The basic premise behind most rules are that an employer cannot use a qualified pension plan to give highly paid employees (or owners) a lot of money through a qualified plan (through this tax advantaged financial instrument).
The reason behind compensating employees through a bonus system is relevant to boundaries originally created by “capping” hourly wages for experienced employees. This allows employees to remain in a ‘lower tax bracket.’ <IRS Form Ref.>.
==Funding==

Defined benefit plans may be either funded or unfunded.

===Unfunded pension plans===
In an unfunded defined benefit pension, no assets are set aside and the benefits are paid for by the employer or other pension sponsor as and when they are paid. This method of financing is known as Pay-as-you-go (PAYGO or PAYG). In the US, ERISA explicitly forbids pay as you go for private sector, qualified, defined benefit plans.

However, this system is often used in public pension systems. For example, all OECD countries including the U.S. rely on some form of a PAYG system.

==== Unfunded pension systems in practice ====
PAYG is based on constant balance between two sides: contributions and benefits. People of working age pay part of their salary to the system and from this benefits are paid to people already in retirement. As time passes the contributors age until eventually they retire and claim benefits for themselves becoming pensioners supported by current working age generation. The size of their benefits is often determined based on their contributions which were percentage amounts of their salary, though this is not a rule. For example, in Denmark the size of old age pension is uniform for all retirees.

The PAYG nature of state pension systems is often cited as the main cause of the current pension crisis. This is because the dependency ratio or the number of people in retirement age over the size of the current working population is constantly growing and therefore the balance of contributions and benefits is broken resulting in deficits that need to be financed from government budget or addressed by increasing the contribution size.

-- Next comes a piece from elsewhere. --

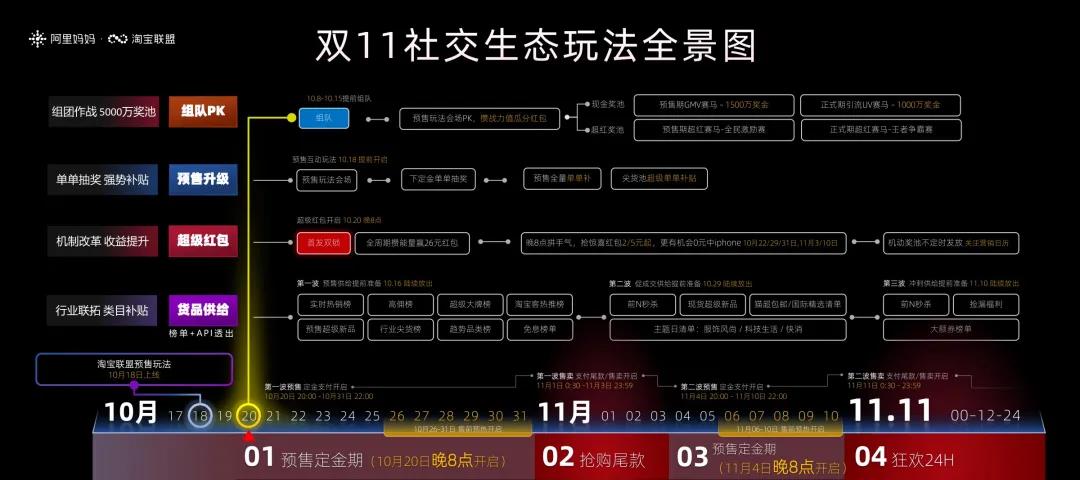【双11玩法攻略】2021年淘宝联盟双11活动玩法指南，为你解锁双11最新赚钱攻略！
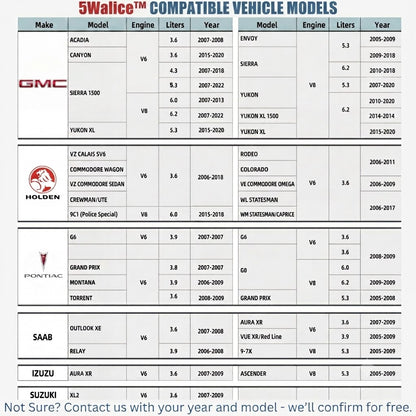 5Walice™ AFM/DFM Disabler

As result of this constant pressure many countries have stopped trying to cover the pension of their citizens only by PAYG schemes and instead switched to multi-pillar pension systems, which are generally considered to better diversify against many risks of pension provision. In those systems PAYG plays only supplementary role with occupational pension plans and state-supported private pension plans as the other “pillars” of pension. While not perfect those systems are less susceptible to ageing risk.

====Life cycle of PAYG systems====

The ageing related problems are actually not just a matter of specific demography, it has been suggested that each PAYG system passes through three stages – the young, the expanding and the mature. This must inevitably lead to situation in which it is problematic to provide the funds for it and even harder to reform the system.

Stage 1 sees the introduction of PAYG pensions, this is most often in time when the country’s population is rather young with more than fifteen working age and contributing individuals for each pensioner. The coverage of working population is still quite small. The system is in surplus, which allows government to increase the size of old age pensions, providing much bigger return to their contributions then they would receive on the market. This stage could have been observed in Germany in 1920 or in Brazil, Argentina and other Latin American countries in 1950.

Stage 2 starts to present first challenges. Members of the founding generation start to retire and the number of contributors to pensioners drops to about eight to fourteen. The schemes are much more wide spread covering about third of the working population. This stage sees greater expansion of the system introducing it also to lower income groups, while still keeping the benefits high. While such expansion is often welcomed by the population, which expects great pension benefits in the future, it starts to produce deficits and accumulate debt (mainly in form of implicit debt, based on pension promises), often up to 25% or 50% of GDP. Brazil and Turkey in year 1995 can be seen as great examples of this stage.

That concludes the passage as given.